■ Work instructions: Write out the data below in full, unchanged, minus the images.

■ Provided material:
──────────────────────────────

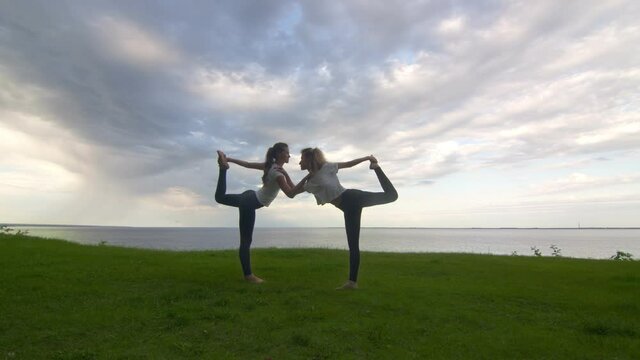 Two women in activewear pposing on the camera and showing yoga Lord of the Dance pose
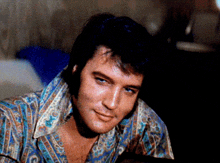 a close up of a man 's face with a shirt that says ' elvis presley ' on it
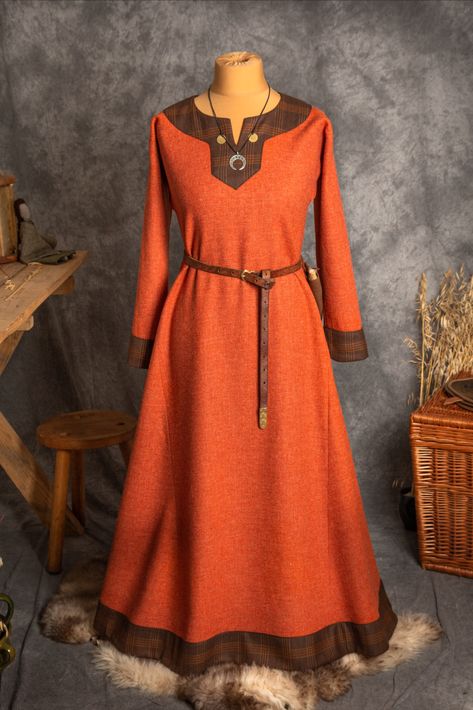 The dress has simple medieval cut with long sleeves, loose and comfortable. | #vikings #viking #vikingstyle #vikinglife #vikingreenactors #vikingreenactment #vikinghair #vikingwoman #vikingsofinstagram #vikingpride #vikinggirl #vikingwarrior #slavicgirl #slavicmythology #reenactment #reenactor #reenacting #reenactors #medieval #earlymedieval #vikingembroidery #historicalsewing #historicalcostume #aprondress #handmade Viking Dress, Viking Clothing, Dress Trims, Early Medieval, Viking Woman, Medieval Clothing, Wool Clothing, Medieval Dress, Apron Dress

──────────────────────────────

■ Response box:
 Two women in activewear pposing on the camera and showing yoga Lord of the Dance pose
 a close up of a man 's face with a shirt that says ' elvis presley ' on it
 The dress has simple medieval cut with long sleeves, loose and comfortable. | #vikings #viking #vikingstyle #vikinglife #vikingreenactors #vikingreenactment #vikinghair #vikingwoman #vikingsofinstagram #vikingpride #vikinggirl #vikingwarrior #slavicgirl #slavicmythology #reenactment #reenactor #reenacting #reenactors #medieval #earlymedieval #vikingembroidery #historicalsewing #historicalcostume #aprondress #handmade Viking Dress, Viking Clothing, Dress Trims, Early Medieval, Viking Woman, Medieval Clothing, Wool Clothing, Medieval Dress, Apron Dress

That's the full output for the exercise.